Jutland: One Of The Greatest Games Ever

Bill has been on quite a tear of late with his “Name That Ship” series of posts, and has provided a lot of fun for us history buffs (though I do prefer the term “buff historians”). It reminded me of one of my favorite games of all time: Jutland, which was published by Avalon Hill in the late 60s.
For you young whipper-snappers out there, in its day AH was simply the best. There were no such things as video games, let alone home computers. AH basically invented military board games using hexagonal grids for movement. And this was in the days before D&D was invented (I got one of the early D&D sets in 1978).
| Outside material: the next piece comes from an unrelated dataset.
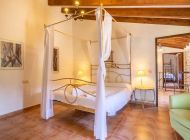 finca-perdiu-vell-petit-masterbedroom-doppelbett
We would spend hours playing D-Day, Afrika Korps and Panzerblitz, carefully setting the hundreds of little cardboard pieces on the hex or square grid of the gameboard which was set up on a card table somewhere in the house, usually stuffed in my bedroom. Actually, my bedroom was so small that the card table took up most of the space (And Dang it mom! Don’t try to clean my room; you’ll bump the table and shift all of my units!!).
But for me the best of these games was Jutland, because of the brilliance of the design: there was no board. You had scale-sized counters that represented all the ships on the British and German sides, each player had movement and range-finder gauges, there were hit probability charts (as always! Ha!) and damage charts. But the beauty, the genius of the game’s design was you could play it on a table top, on the kitchen counter, or on the floor.
Crusader and I would spend hours chasing each other around the house with our fleets, trying to get into position for a decisive engagement. The space between the couches in the living room became a fjord, providing tactical oppurtunities for creative maneuvers, as did pairs of shoes scattered about the house. Heh.
This game is simply a great classic, and if you like wargaming you should pick up a copy.
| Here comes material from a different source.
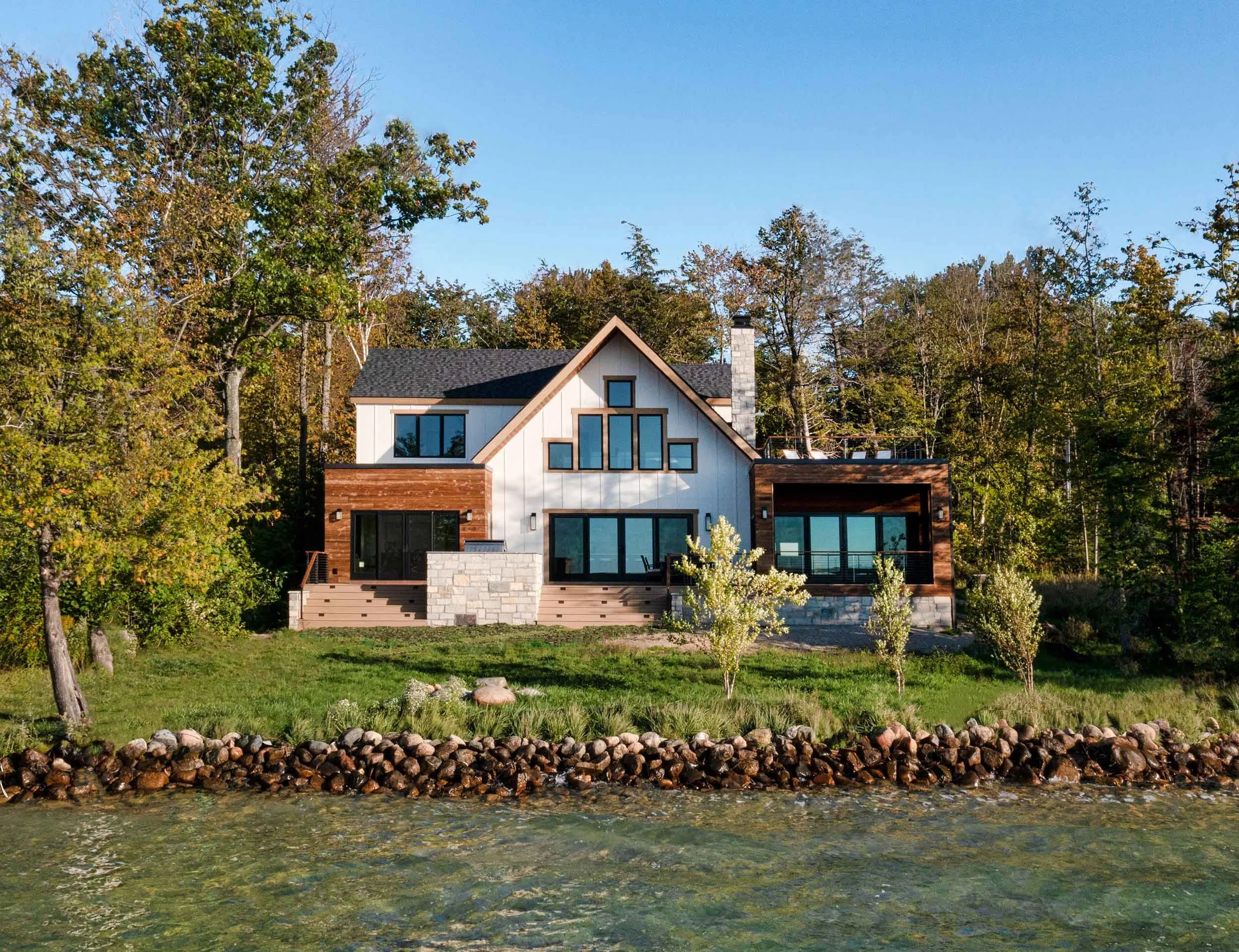 海滨休憩处（Haven常见有避难所、安息所等意思，这里结合Shoreline理解为海滨可供人放松休憩的地方，海滨休憩处较为贴合语境） 丨美国密歇根丨Myefski Architects-8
16 Responses to “Jutland: One Of The Greatest Games Ever”

  1. The Real JeffS says:

    A “sand box” terrain model without the sand. Cool!
    It’s a good thing for your home that Jutland wasn’t nuclear!

  2. (Our house was the nuclear option, JeffS, resulting in our twisted, whipsmart, eclectic out-of-the-box, minimally entertaining, occasionally informative TOWACA camaraderie.)

  3. Mr. Bingley says:

    JeffS, we had our own MAD policy – Mother’s Assured Destruction.

  4. And don’t try this at home !!
    Back to the game, Bingley was the three card monty king of Monopoly Insanity, too, besides his cockaded hat, D&D obsessions and wailing bagpipes. That’s why I joined the Marines. I had to get away from his evil influence.

  5. John says:

    Panzer Leader was the name of the game – it’s sitting on my bookshelf. Tactics II was their first game, a bare bones division level Cold War knockoff with a nuclear option.
    I also have the Eastern Front somewhere.

  6. Mr. Bingley says:

    Oh my, the Monopoly insanity; I’d forgotton about that. We used to play double-board Monopoly, where you’d play with 2 boards and go around in a figure-eight pattern.

  7. Mr. Bingley says:

    Panzerblitz was the follow-up to Panzer Leader; I had them both. And then they came out with the whole Squad Leader series…

  8. Crusader says:

    We actually did have a nuclear based game, complete with glowing die(dice?) I think it was called Nuclear Escalation, perhaps, or something along those lines. Real hoot, and I thought Bingley still has it.

  9. Mr. Bingley says:

    Yeah, Nuclear Escalation. I do still have it.

  10. Mr. Bingley says:

    I think. I’ll climp up in the attic tonight and see what I can find.

  11. ‘climp’?
    Is that a cross between Bushimphitler and clump?

  12. Crusader says:

    Climb and limp, perhaps?

  13. Mr. Bingley says:

    What Crusader said…

  14. Nightfly says:

    Recently we’ve been playing Kingmaker at a friend’s house. The first game I was in took us twelve hours, most of it in searching the rules and wasting time because the second edition renumbered the board grid but included the first edition rules, meaning that NONE of the towns were where we were told. (Picture driving about London with a map of Paris and you get the idea.) Fun game anyway. And back in the day my dad owned a copy of Fuedal.
    Sometime I’ll have to email you the rules for “It’s Just Dice,” my homegrown stratomatic baseball ripoff. Long live Analog Gaming!

  15. NJ Sue says:

    I remember playing Kingmaker in 1988 with my then-future husband. The rules were frustrating; very badly written. There was a loophole where you could basically take to the ocean and sail around the British Isles, never making landfall, and keep in the game. I wonder if they fixed that.

  16. Mr. Bingley says:

    But it did allow me to taunt you mercilessly from the shore, my dear.